## WHAT YOU SHOULD DO
Look below for the line holding "Thumbnail: 2025 Toyota Sienna - 17" and the line holding "TOPSHOP(トップショップ)のTOPSHOP トップショップ リブクロップドTシャツ". Transcribe exactly those lines and all lines between them, nothing more.

SOURCE DATA Start Marker

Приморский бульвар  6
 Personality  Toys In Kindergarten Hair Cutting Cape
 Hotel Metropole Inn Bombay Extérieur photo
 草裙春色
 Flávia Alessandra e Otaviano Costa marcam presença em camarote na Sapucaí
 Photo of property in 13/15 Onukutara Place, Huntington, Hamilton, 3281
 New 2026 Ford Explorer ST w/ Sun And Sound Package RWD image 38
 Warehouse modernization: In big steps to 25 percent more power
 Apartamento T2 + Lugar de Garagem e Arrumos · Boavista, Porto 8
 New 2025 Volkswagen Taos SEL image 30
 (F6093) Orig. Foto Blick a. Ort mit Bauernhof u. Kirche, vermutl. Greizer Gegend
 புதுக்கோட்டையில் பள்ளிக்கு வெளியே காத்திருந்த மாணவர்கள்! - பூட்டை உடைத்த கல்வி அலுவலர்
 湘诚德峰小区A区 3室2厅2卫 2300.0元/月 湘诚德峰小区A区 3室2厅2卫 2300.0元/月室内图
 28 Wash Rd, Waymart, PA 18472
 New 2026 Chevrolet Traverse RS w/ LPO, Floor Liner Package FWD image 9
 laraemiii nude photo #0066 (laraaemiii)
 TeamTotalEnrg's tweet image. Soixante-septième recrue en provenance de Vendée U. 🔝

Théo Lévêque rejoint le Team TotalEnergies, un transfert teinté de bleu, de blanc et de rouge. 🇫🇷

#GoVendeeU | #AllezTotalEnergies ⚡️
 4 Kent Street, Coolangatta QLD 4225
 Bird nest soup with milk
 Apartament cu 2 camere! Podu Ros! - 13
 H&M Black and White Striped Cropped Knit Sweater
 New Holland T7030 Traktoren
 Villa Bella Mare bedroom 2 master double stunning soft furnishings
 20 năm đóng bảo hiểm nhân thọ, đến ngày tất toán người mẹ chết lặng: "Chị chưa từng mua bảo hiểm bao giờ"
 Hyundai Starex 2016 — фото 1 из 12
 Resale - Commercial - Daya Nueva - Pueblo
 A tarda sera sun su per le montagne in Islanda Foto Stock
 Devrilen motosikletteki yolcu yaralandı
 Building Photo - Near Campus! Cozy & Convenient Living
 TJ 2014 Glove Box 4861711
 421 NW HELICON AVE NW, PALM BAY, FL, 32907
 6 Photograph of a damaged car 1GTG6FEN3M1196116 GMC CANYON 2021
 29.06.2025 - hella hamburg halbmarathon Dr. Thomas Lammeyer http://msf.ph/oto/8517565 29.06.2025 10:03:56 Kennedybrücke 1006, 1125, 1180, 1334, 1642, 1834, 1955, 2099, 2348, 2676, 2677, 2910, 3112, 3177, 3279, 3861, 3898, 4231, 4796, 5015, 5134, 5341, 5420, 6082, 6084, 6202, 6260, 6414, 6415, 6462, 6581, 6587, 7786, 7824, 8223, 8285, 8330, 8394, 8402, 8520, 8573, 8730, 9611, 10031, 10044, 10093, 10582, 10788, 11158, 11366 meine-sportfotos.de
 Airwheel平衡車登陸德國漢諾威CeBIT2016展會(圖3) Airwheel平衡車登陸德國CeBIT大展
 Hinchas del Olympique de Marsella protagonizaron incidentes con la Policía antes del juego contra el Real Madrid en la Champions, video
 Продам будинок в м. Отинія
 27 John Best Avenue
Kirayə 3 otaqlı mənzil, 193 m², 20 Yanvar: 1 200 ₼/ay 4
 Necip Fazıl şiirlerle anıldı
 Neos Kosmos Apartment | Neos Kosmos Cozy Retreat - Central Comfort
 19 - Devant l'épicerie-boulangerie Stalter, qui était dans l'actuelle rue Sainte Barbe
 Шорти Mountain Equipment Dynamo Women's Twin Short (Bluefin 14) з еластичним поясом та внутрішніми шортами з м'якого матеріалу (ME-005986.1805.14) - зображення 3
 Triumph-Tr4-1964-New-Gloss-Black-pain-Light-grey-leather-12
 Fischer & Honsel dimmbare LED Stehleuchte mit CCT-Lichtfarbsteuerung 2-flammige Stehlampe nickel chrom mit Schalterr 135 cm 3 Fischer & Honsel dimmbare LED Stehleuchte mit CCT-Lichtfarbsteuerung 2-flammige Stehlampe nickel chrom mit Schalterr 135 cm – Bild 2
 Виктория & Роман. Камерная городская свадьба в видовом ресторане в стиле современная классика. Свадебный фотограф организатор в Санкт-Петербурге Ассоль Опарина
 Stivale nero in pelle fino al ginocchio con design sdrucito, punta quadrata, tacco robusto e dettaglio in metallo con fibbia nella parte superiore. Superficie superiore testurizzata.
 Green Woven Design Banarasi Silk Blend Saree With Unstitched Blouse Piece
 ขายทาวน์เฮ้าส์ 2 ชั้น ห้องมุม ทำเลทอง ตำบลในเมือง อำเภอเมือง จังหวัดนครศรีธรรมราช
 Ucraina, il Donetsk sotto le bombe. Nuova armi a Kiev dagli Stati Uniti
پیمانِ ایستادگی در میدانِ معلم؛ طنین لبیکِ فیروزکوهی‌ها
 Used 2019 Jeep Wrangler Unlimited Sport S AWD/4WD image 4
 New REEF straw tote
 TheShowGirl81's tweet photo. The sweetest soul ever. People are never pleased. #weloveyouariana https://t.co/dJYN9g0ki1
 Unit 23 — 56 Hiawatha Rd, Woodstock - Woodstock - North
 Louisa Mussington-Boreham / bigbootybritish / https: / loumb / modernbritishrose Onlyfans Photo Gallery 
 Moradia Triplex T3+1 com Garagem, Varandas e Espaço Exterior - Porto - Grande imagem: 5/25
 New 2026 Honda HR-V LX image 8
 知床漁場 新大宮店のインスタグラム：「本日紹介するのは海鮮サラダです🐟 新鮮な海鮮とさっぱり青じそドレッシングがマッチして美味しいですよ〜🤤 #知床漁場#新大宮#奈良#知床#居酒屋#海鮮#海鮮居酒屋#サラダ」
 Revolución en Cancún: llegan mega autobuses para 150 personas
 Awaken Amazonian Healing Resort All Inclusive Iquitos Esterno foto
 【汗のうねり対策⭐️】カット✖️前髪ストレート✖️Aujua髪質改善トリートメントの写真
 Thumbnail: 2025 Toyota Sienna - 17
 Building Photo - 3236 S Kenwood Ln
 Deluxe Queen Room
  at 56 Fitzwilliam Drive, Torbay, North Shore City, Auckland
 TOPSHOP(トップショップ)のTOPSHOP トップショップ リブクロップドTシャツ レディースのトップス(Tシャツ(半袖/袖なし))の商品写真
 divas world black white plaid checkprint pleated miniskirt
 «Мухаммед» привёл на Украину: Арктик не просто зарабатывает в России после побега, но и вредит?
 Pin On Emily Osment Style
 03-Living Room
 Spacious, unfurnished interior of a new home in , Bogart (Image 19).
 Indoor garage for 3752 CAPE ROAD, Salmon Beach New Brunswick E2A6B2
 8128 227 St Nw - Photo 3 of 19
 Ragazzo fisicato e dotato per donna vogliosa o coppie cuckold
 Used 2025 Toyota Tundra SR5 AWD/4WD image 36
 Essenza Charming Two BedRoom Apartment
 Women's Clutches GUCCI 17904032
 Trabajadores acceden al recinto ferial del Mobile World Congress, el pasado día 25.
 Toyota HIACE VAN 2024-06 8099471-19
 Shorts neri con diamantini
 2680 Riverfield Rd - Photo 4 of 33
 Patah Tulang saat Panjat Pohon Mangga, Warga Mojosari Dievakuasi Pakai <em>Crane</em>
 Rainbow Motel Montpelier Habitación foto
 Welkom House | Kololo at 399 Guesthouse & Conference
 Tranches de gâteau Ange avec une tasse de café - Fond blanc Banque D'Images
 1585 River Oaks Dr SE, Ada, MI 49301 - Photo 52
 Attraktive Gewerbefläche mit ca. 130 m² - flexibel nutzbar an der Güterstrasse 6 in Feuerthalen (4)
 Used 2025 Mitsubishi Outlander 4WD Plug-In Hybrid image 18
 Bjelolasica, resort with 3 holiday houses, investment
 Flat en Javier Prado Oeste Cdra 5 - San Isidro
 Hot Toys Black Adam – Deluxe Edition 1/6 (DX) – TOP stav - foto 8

SOURCE DATA End Marker

## ANSWER SECTION
 Thumbnail: 2025 Toyota Sienna - 17
 Building Photo - 3236 S Kenwood Ln
 Deluxe Queen Room
  at 56 Fitzwilliam Drive, Torbay, North Shore City, Auckland
 TOPSHOP(トップショップ)のTOPSHOP トップショップ リブクロップドTシャツ レディースのトップス(Tシャツ(半袖/袖なし))の商品写真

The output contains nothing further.